◆ TRY IT
Retype the following data exactly, but leave its pictures out.

◆ SUPPLIED MATERIAL

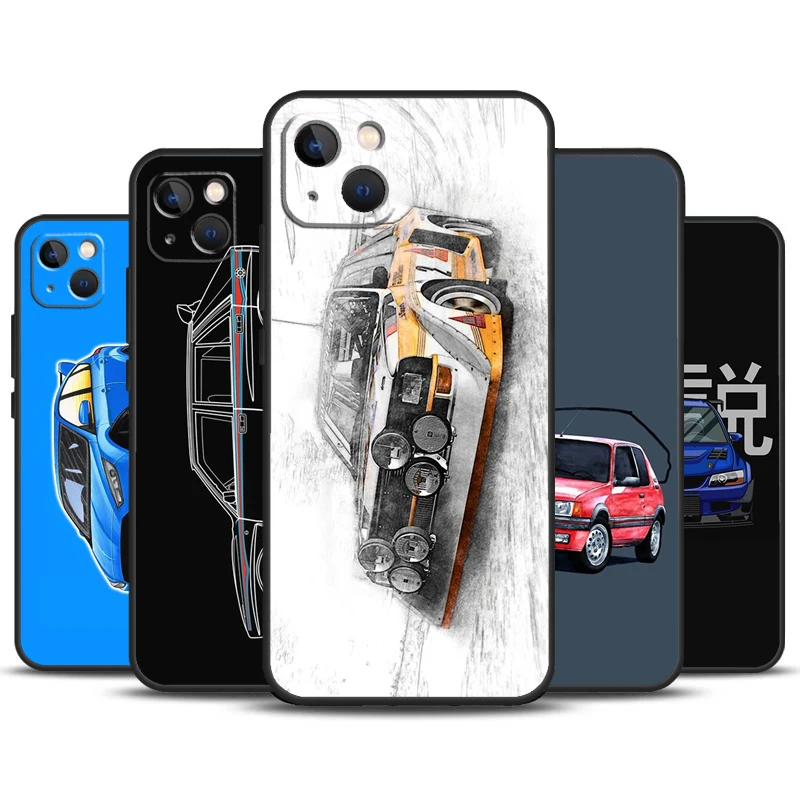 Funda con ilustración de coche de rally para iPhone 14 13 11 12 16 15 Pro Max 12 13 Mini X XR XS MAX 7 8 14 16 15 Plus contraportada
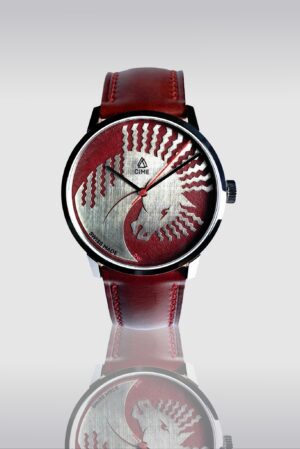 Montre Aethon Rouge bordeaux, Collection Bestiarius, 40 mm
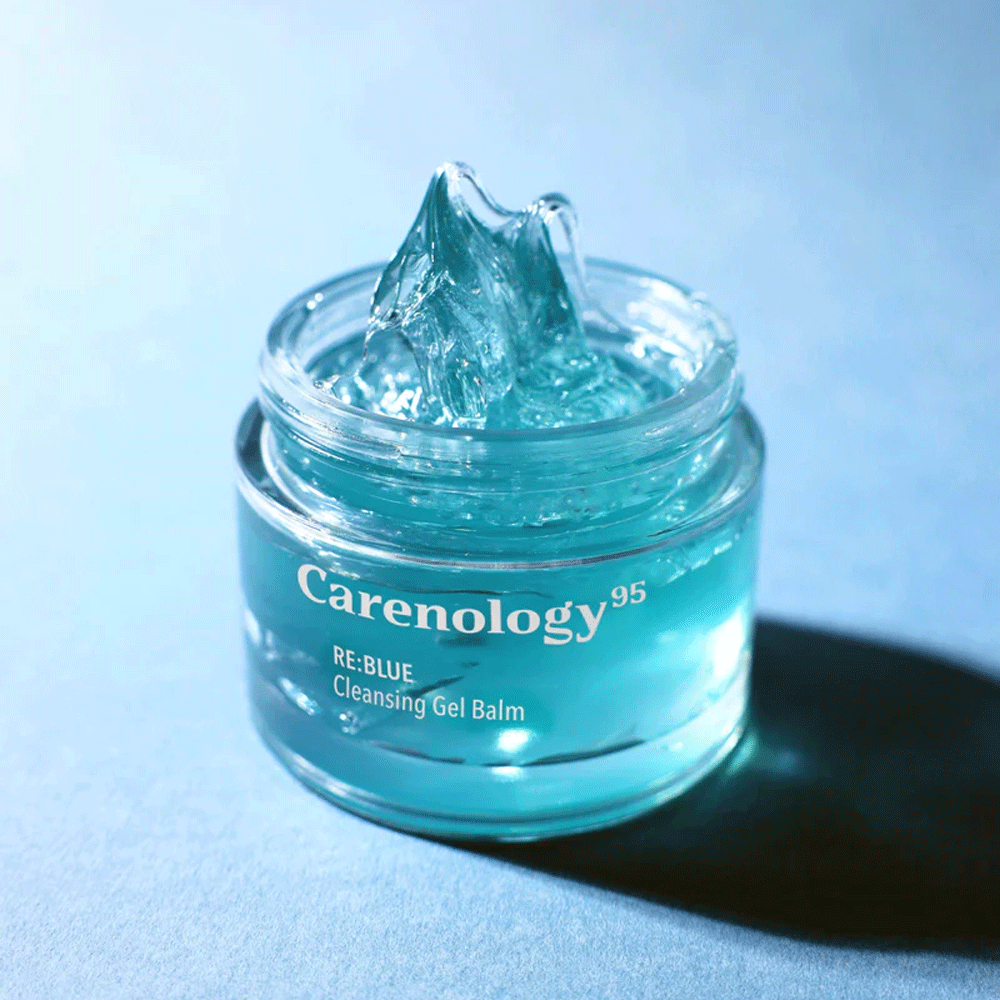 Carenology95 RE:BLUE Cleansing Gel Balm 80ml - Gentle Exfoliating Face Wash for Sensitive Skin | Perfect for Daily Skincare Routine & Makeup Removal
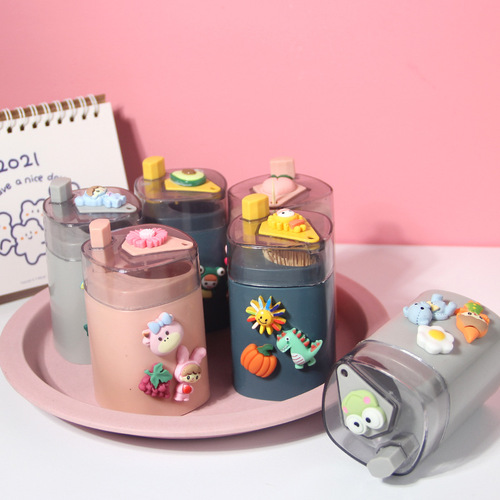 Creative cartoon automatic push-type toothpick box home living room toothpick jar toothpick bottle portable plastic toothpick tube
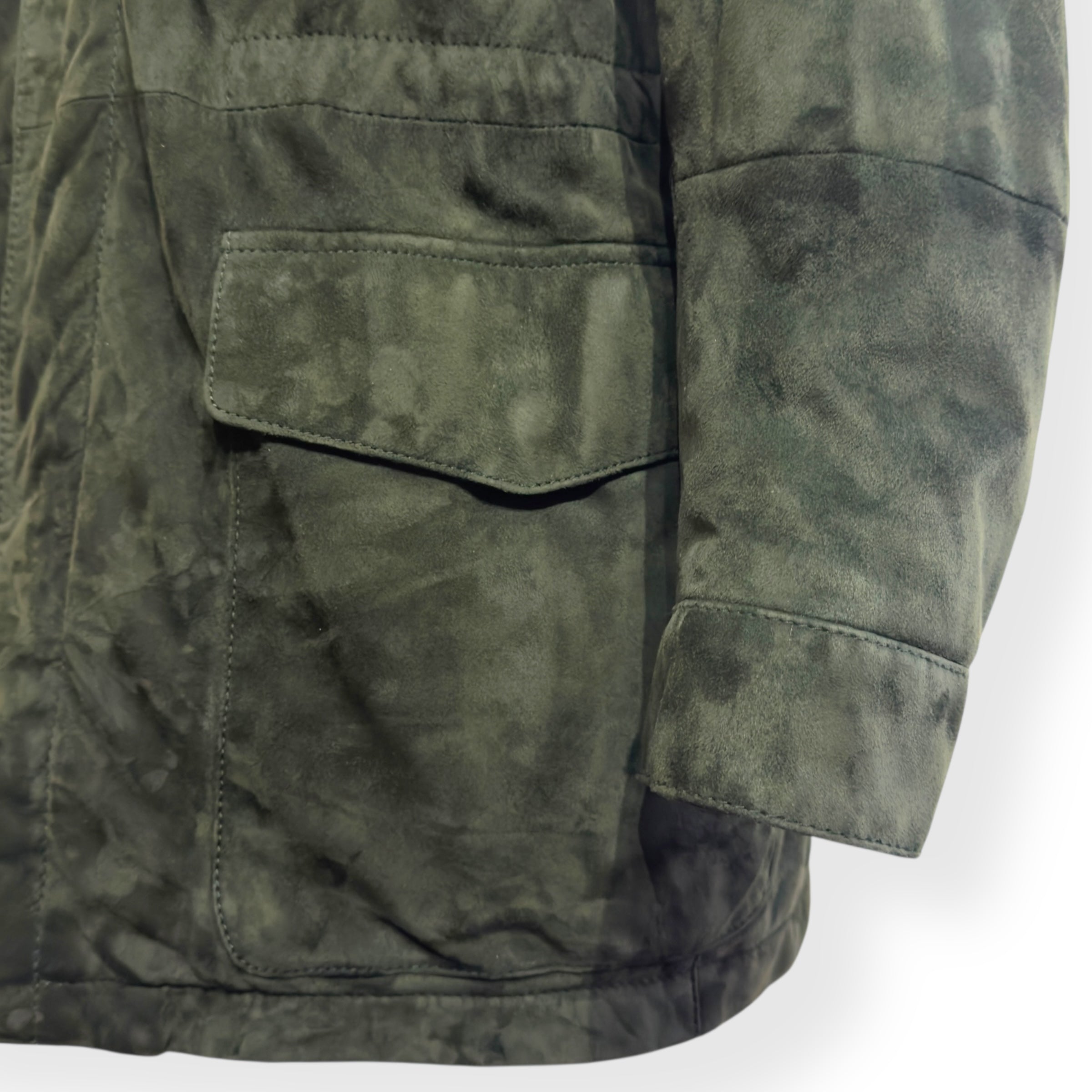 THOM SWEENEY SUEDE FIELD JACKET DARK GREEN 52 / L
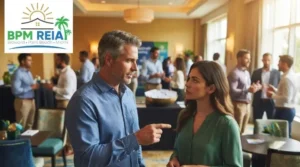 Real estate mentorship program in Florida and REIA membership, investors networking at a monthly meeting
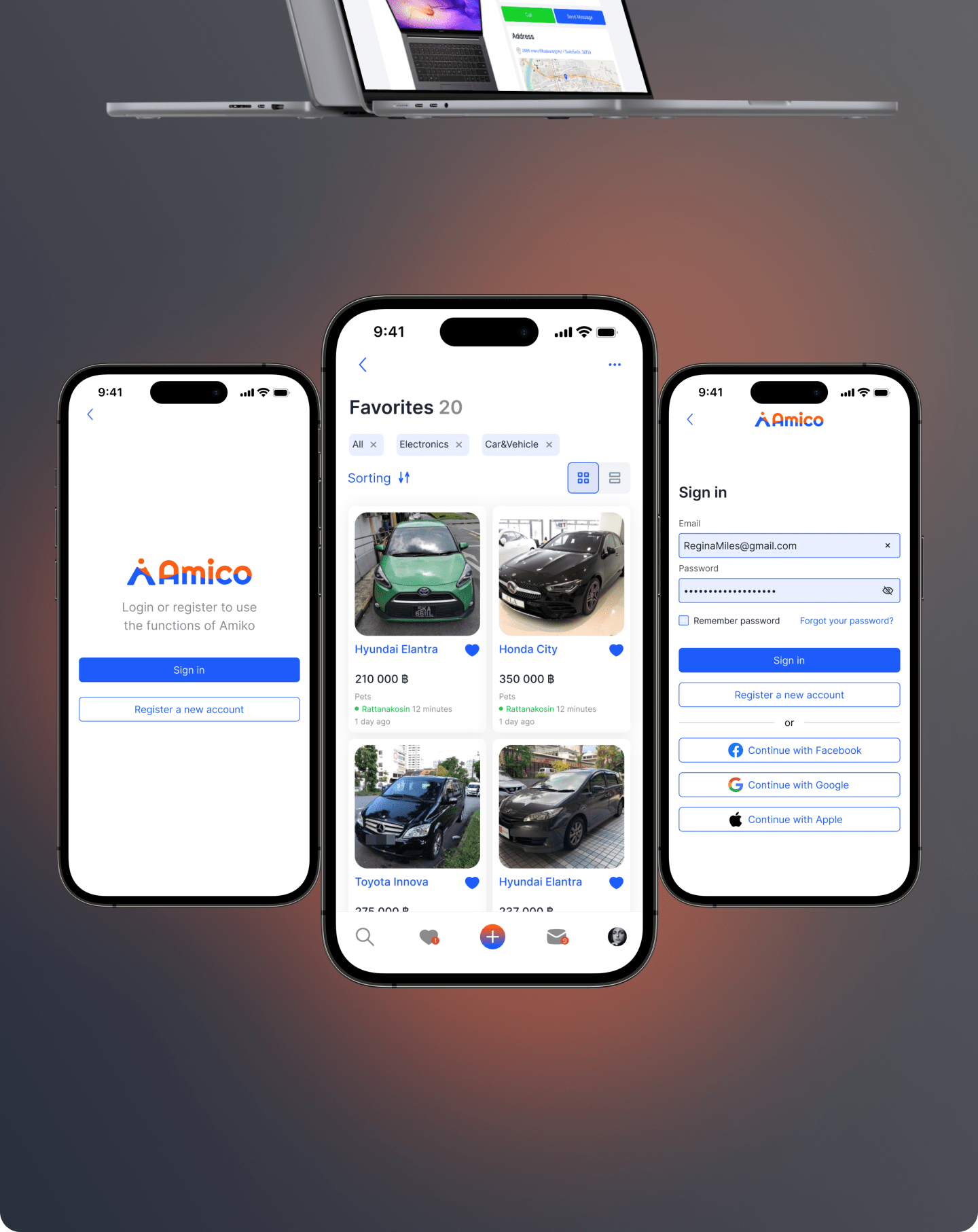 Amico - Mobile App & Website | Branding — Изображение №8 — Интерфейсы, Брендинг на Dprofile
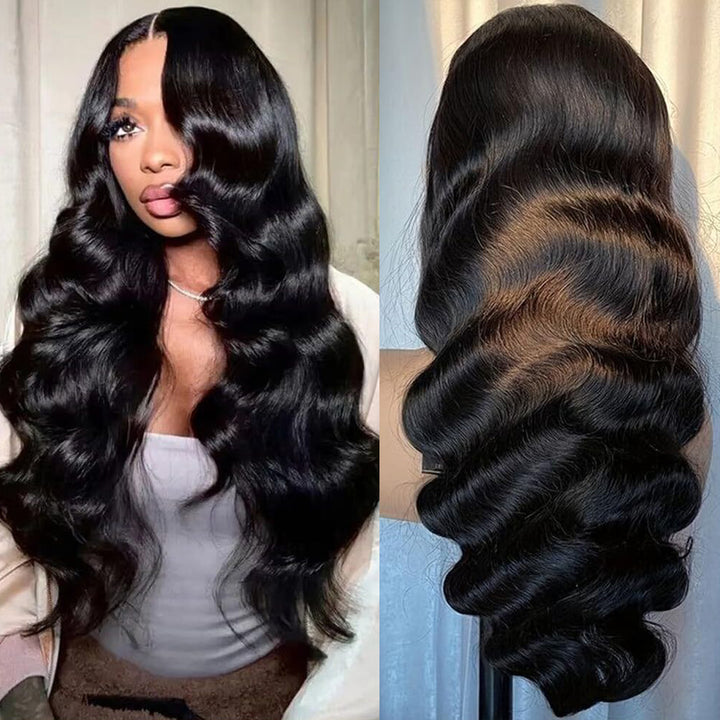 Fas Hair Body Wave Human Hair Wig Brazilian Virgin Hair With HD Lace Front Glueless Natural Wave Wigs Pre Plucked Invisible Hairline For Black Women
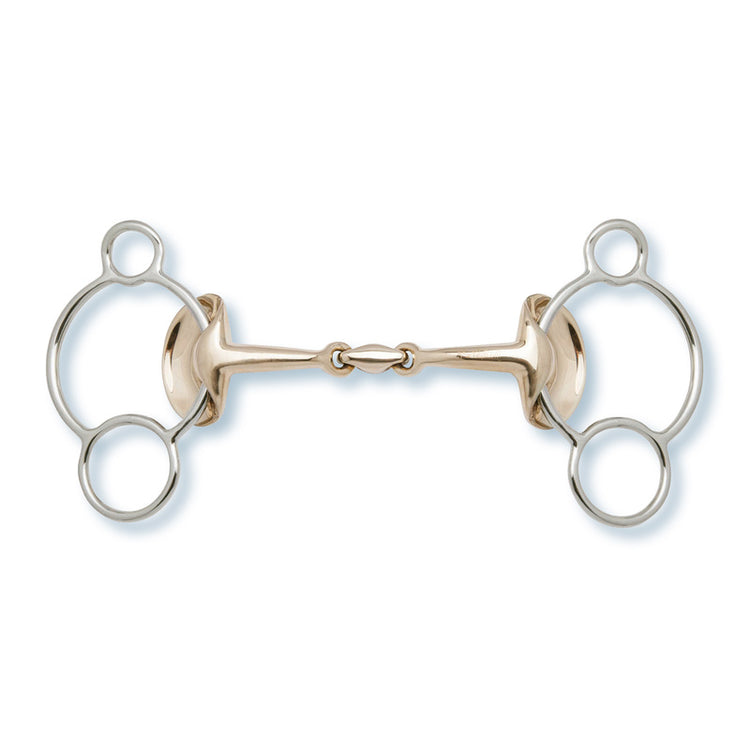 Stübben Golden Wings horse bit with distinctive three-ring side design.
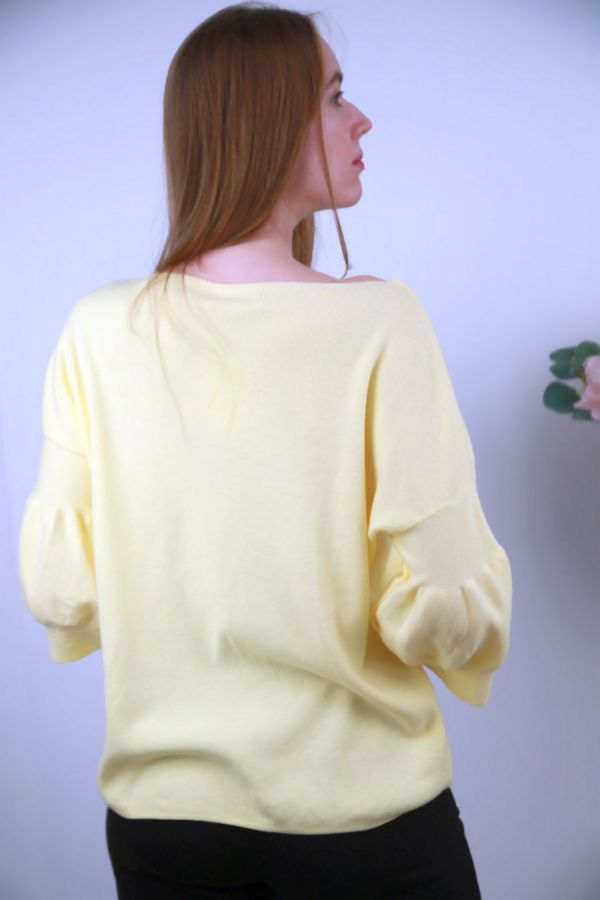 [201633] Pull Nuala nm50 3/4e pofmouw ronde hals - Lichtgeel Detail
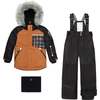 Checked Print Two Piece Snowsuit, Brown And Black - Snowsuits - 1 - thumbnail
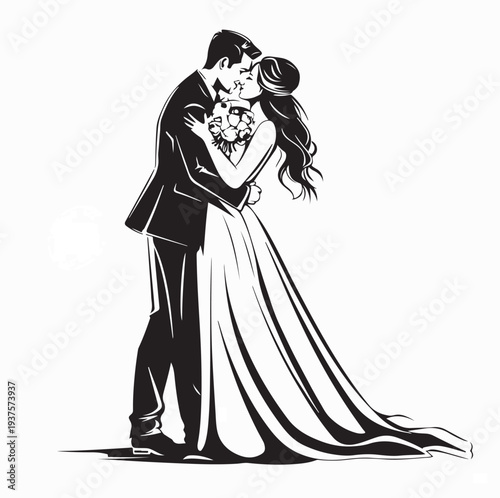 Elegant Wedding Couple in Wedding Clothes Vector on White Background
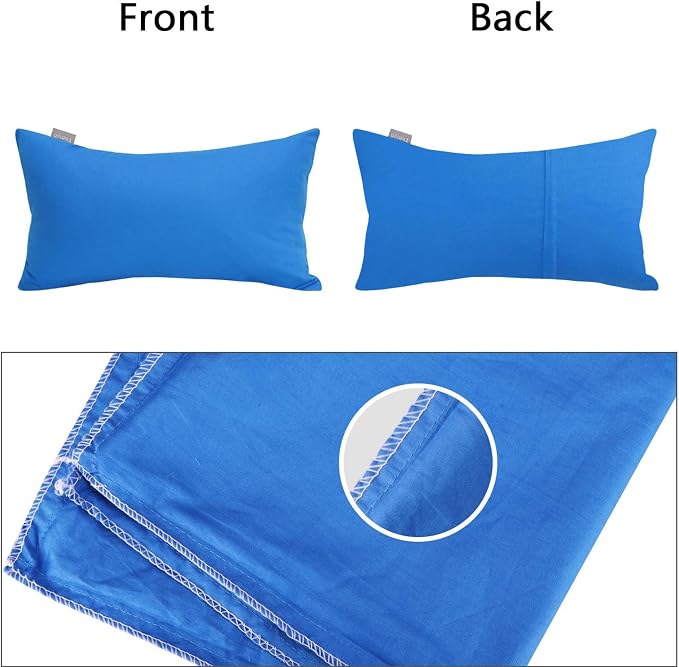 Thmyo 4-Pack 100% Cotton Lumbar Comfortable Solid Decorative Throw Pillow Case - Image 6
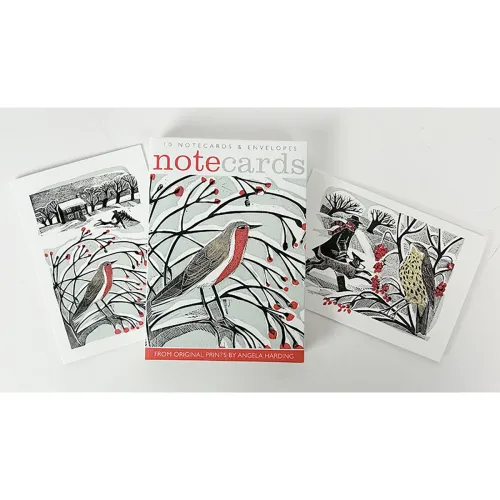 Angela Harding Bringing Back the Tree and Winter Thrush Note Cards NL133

◆ TASK RESPONSE
 Funda con ilustración de coche de rally para iPhone 14 13 11 12 16 15 Pro Max 12 13 Mini X XR XS MAX 7 8 14 16 15 Plus contraportada
 Montre Aethon Rouge bordeaux, Collection Bestiarius, 40 mm
 Carenology95 RE:BLUE Cleansing Gel Balm 80ml - Gentle Exfoliating Face Wash for Sensitive Skin | Perfect for Daily Skincare Routine & Makeup Removal
 Creative cartoon automatic push-type toothpick box home living room toothpick jar toothpick bottle portable plastic toothpick tube
 THOM SWEENEY SUEDE FIELD JACKET DARK GREEN 52 / L
 Real estate mentorship program in Florida and REIA membership, investors networking at a monthly meeting
 Amico - Mobile App & Website | Branding — Изображение №8 — Интерфейсы, Брендинг на Dprofile
 Fas Hair Body Wave Human Hair Wig Brazilian Virgin Hair With HD Lace Front Glueless Natural Wave Wigs Pre Plucked Invisible Hairline For Black Women
 Stübben Golden Wings horse bit with distinctive three-ring side design.
 [201633] Pull Nuala nm50 3/4e pofmouw ronde hals - Lichtgeel Detail
 Checked Print Two Piece Snowsuit, Brown And Black - Snowsuits - 1 - thumbnail
 Elegant Wedding Couple in Wedding Clothes Vector on White Background
 Thmyo 4-Pack 100% Cotton Lumbar Comfortable Solid Decorative Throw Pillow Case - Image 6
 Angela Harding Bringing Back the Tree and Winter Thrush Note Cards NL133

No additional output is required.